▶ TASK ITEM: Restate every record that follows, keeping it exact.
(Beginning of AVAILABLE DATA)
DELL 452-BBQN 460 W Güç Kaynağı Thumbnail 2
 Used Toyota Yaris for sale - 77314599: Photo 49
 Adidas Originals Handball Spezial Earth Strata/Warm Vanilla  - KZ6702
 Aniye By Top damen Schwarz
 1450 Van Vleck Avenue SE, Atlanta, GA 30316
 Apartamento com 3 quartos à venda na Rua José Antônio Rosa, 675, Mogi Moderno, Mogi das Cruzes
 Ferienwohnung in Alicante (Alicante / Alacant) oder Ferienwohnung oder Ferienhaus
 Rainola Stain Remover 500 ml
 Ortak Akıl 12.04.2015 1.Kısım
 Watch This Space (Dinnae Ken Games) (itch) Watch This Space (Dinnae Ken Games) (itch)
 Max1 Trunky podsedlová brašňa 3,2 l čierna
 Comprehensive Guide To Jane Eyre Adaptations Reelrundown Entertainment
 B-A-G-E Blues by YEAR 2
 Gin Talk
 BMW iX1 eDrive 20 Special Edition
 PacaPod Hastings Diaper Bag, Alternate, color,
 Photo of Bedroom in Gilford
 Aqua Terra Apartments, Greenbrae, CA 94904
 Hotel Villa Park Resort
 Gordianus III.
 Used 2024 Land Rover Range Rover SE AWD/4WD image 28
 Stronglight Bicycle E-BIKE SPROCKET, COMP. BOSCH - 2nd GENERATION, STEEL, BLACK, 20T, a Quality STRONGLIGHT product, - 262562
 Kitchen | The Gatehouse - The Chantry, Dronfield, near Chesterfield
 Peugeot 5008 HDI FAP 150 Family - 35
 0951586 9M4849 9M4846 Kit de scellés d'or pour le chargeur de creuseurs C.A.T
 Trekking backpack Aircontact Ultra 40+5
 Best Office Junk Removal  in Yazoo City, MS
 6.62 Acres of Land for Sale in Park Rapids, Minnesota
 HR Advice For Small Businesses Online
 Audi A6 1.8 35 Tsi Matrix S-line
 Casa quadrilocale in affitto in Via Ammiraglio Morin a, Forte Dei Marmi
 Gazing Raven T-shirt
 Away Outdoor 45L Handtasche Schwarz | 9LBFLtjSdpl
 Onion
(End of AVAILABLE DATA)
▶ SOLUTION TO THIS TASK:
DELL 452-BBQN 460 W Güç Kaynağı Thumbnail 2
 Used Toyota Yaris for sale - 77314599: Photo 49
 Adidas Originals Handball Spezial Earth Strata/Warm Vanilla  - KZ6702
 Aniye By Top damen Schwarz
 1450 Van Vleck Avenue SE, Atlanta, GA 30316
 Apartamento com 3 quartos à venda na Rua José Antônio Rosa, 675, Mogi Moderno, Mogi das Cruzes
 Ferienwohnung in Alicante (Alicante / Alacant) oder Ferienwohnung oder Ferienhaus
 Rainola Stain Remover 500 ml
 Ortak Akıl 12.04.2015 1.Kısım
 Watch This Space (Dinnae Ken Games) (itch) Watch This Space (Dinnae Ken Games) (itch)
 Max1 Trunky podsedlová brašňa 3,2 l čierna
 Comprehensive Guide To Jane Eyre Adaptations Reelrundown Entertainment
 B-A-G-E Blues by YEAR 2
 Gin Talk
 BMW iX1 eDrive 20 Special Edition
 PacaPod Hastings Diaper Bag, Alternate, color,
 Photo of Bedroom in Gilford
 Aqua Terra Apartments, Greenbrae, CA 94904
 Hotel Villa Park Resort
 Gordianus III.
 Used 2024 Land Rover Range Rover SE AWD/4WD image 28
 Stronglight Bicycle E-BIKE SPROCKET, COMP. BOSCH - 2nd GENERATION, STEEL, BLACK, 20T, a Quality STRONGLIGHT product, - 262562
 Kitchen | The Gatehouse - The Chantry, Dronfield, near Chesterfield
 Peugeot 5008 HDI FAP 150 Family - 35
 0951586 9M4849 9M4846 Kit de scellés d'or pour le chargeur de creuseurs C.A.T
 Trekking backpack Aircontact Ultra 40+5
 Best Office Junk Removal  in Yazoo City, MS
 6.62 Acres of Land for Sale in Park Rapids, Minnesota
 HR Advice For Small Businesses Online
 Audi A6 1.8 35 Tsi Matrix S-line
 Casa quadrilocale in affitto in Via Ammiraglio Morin a, Forte Dei Marmi
 Gazing Raven T-shirt
 Away Outdoor 45L Handtasche Schwarz | 9LBFLtjSdpl
 Onion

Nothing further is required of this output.